Task instructions:
In the data below, find the line with "De camisa verde" and output it along with every later line, exactly, but not the pictures.

(Caption-style text data)
┄┄┄┄┄┄┄┄┄┄┄┄┄┄┄┄┄┄┄┄

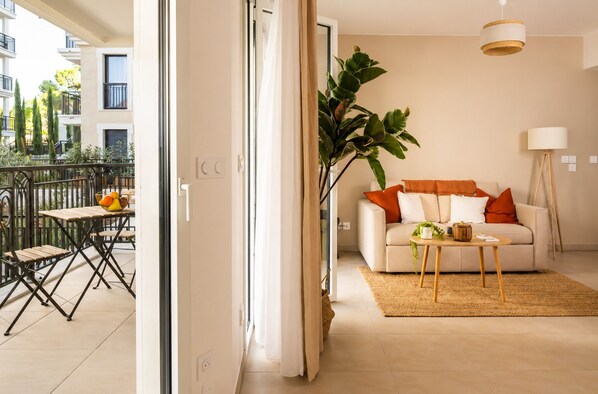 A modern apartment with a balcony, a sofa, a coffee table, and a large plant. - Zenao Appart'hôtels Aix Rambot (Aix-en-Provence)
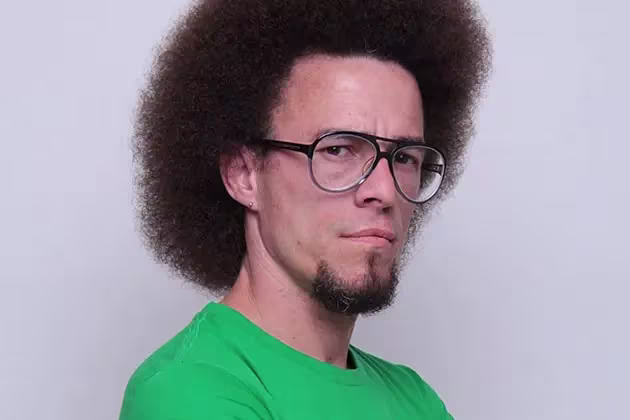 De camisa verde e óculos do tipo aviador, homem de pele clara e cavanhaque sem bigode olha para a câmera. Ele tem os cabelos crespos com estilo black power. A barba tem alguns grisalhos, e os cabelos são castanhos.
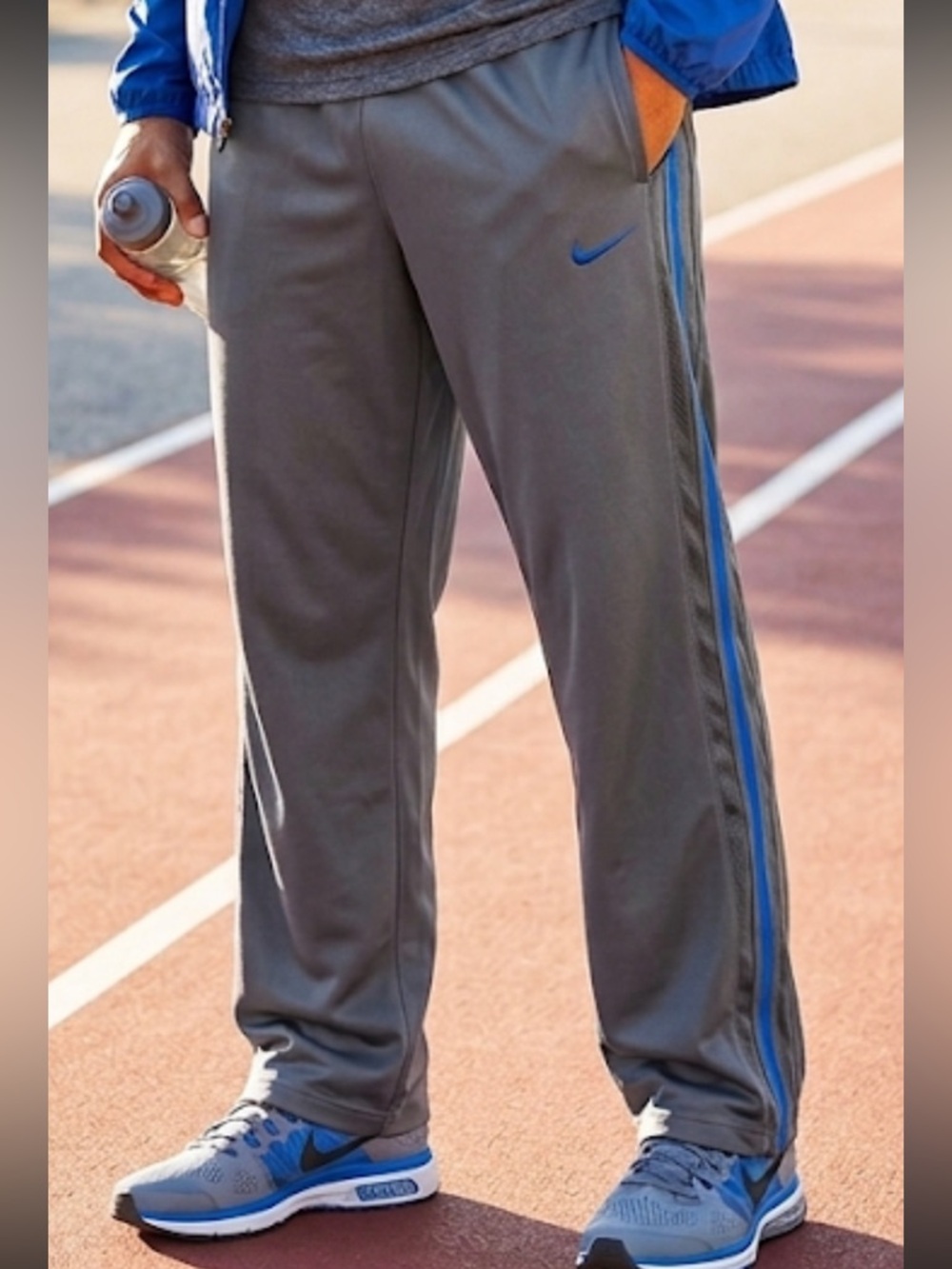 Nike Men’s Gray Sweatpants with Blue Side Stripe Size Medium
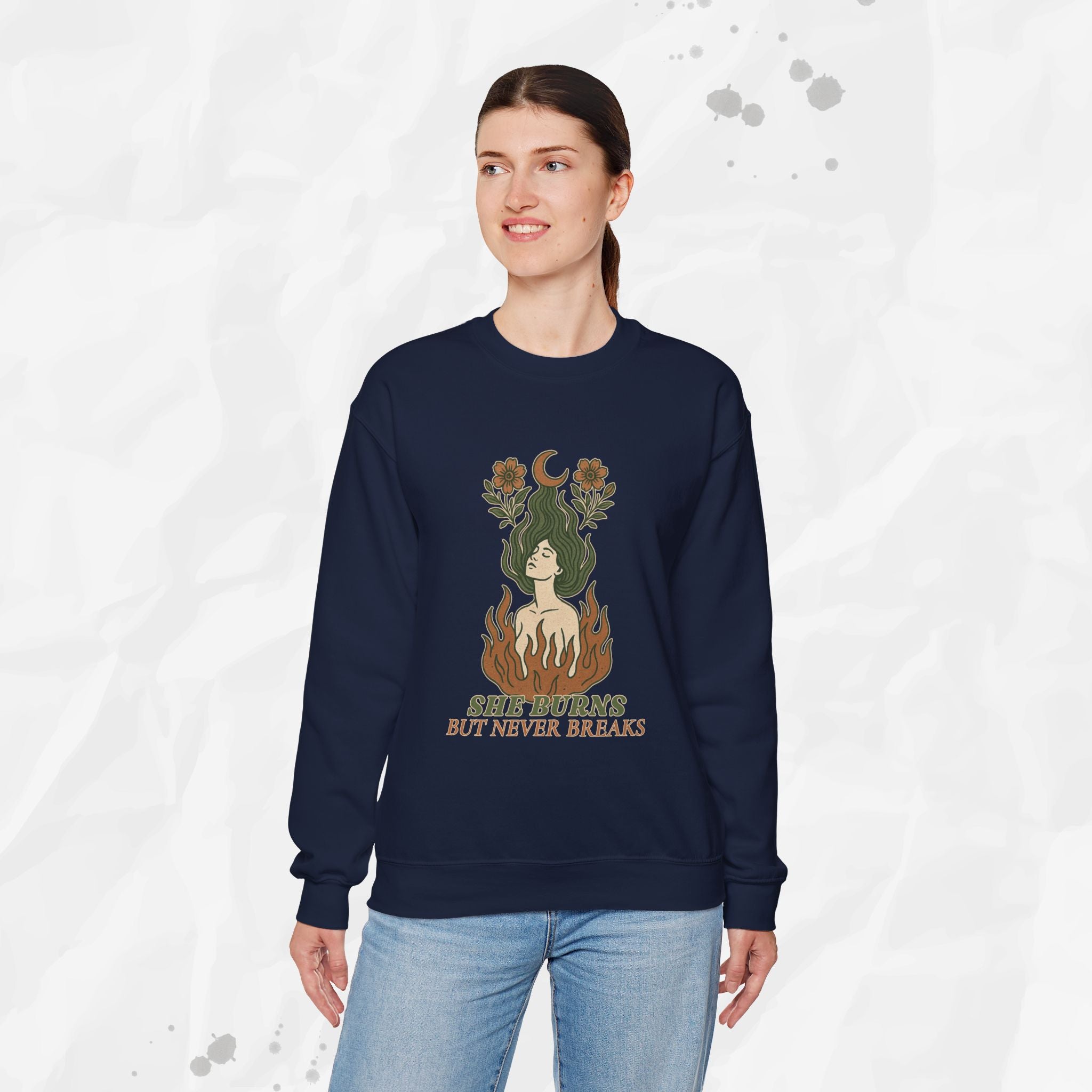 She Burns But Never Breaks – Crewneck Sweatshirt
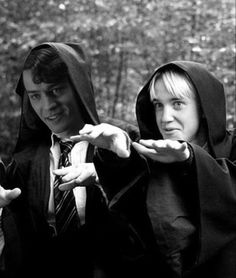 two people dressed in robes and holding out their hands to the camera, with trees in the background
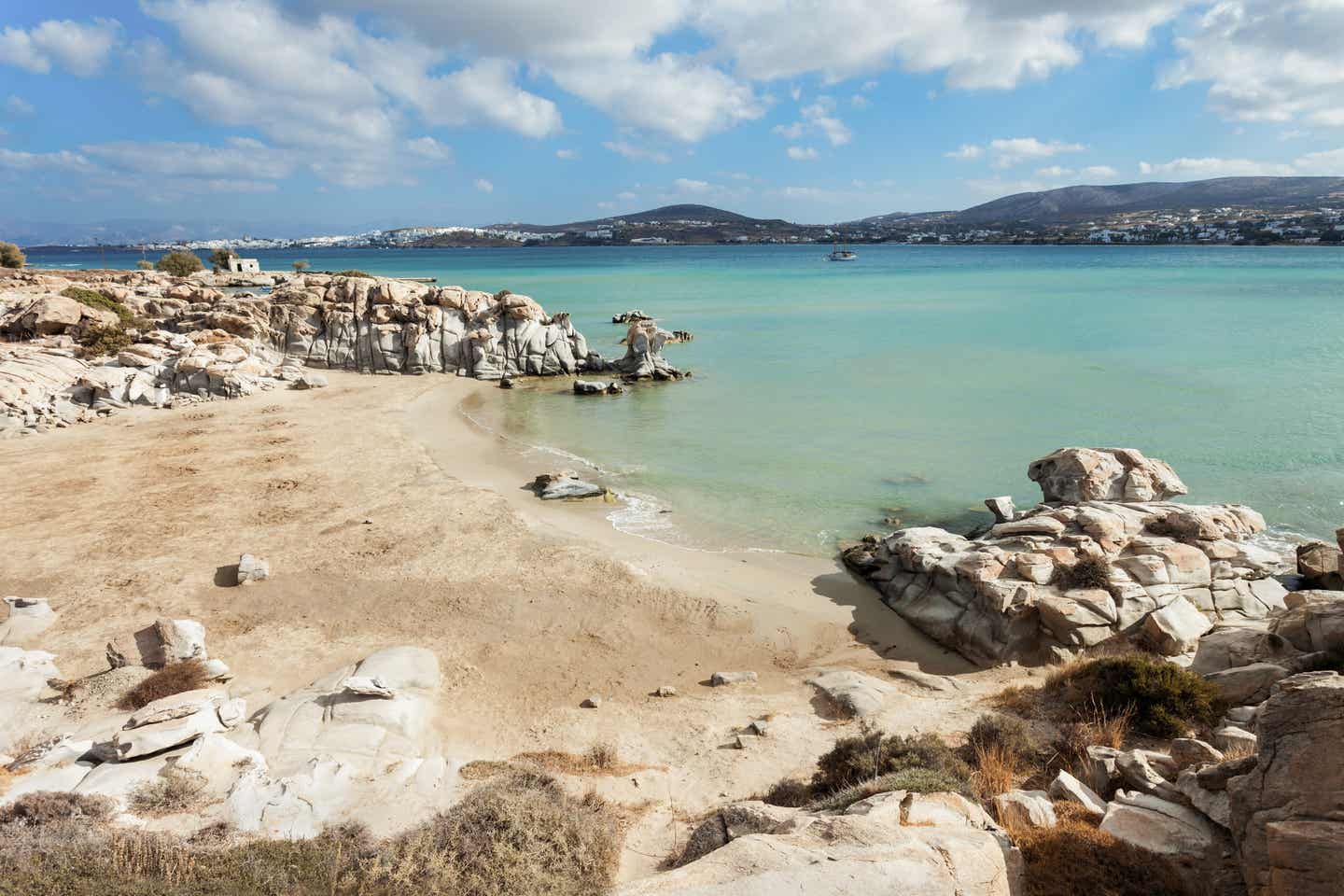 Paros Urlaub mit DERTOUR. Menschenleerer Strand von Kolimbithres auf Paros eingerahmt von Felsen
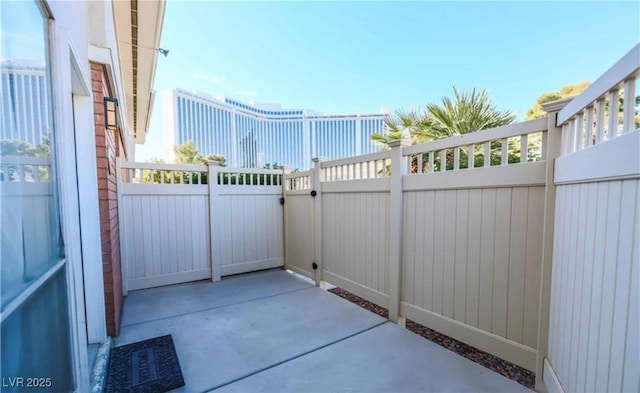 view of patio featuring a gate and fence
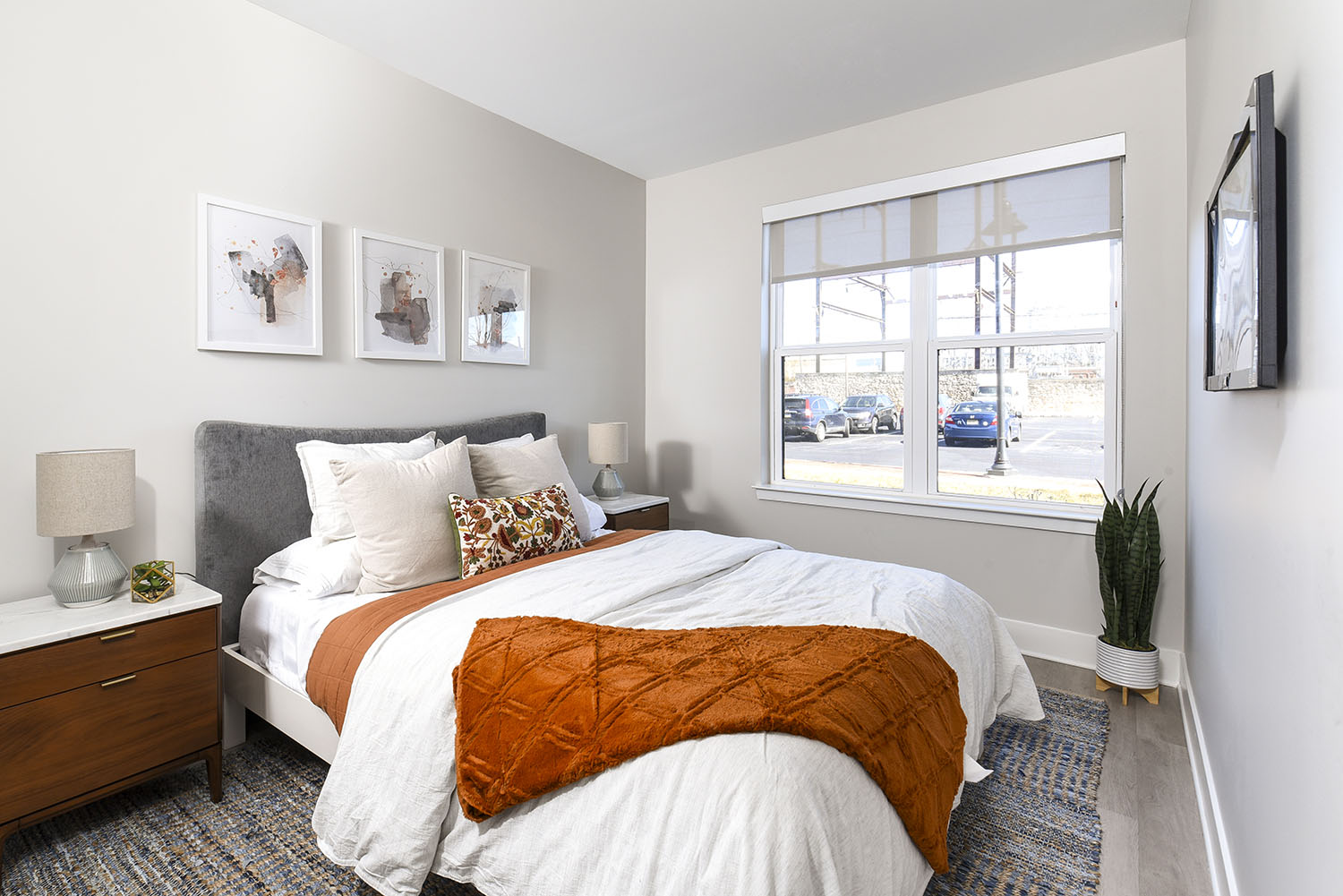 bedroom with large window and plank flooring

┄┄┄┄┄┄┄┄┄┄┄┄┄┄┄┄┄┄┄┄

Output for this exercise:
 De camisa verde e óculos do tipo aviador, homem de pele clara e cavanhaque sem bigode olha para a câmera. Ele tem os cabelos crespos com estilo black power. A barba tem alguns grisalhos, e os cabelos são castanhos.
 Nike Men’s Gray Sweatpants with Blue Side Stripe Size Medium
 She Burns But Never Breaks – Crewneck Sweatshirt
 two people dressed in robes and holding out their hands to the camera, with trees in the background
 Paros Urlaub mit DERTOUR. Menschenleerer Strand von Kolimbithres auf Paros eingerahmt von Felsen
 view of patio featuring a gate and fence
 bedroom with large window and plank flooring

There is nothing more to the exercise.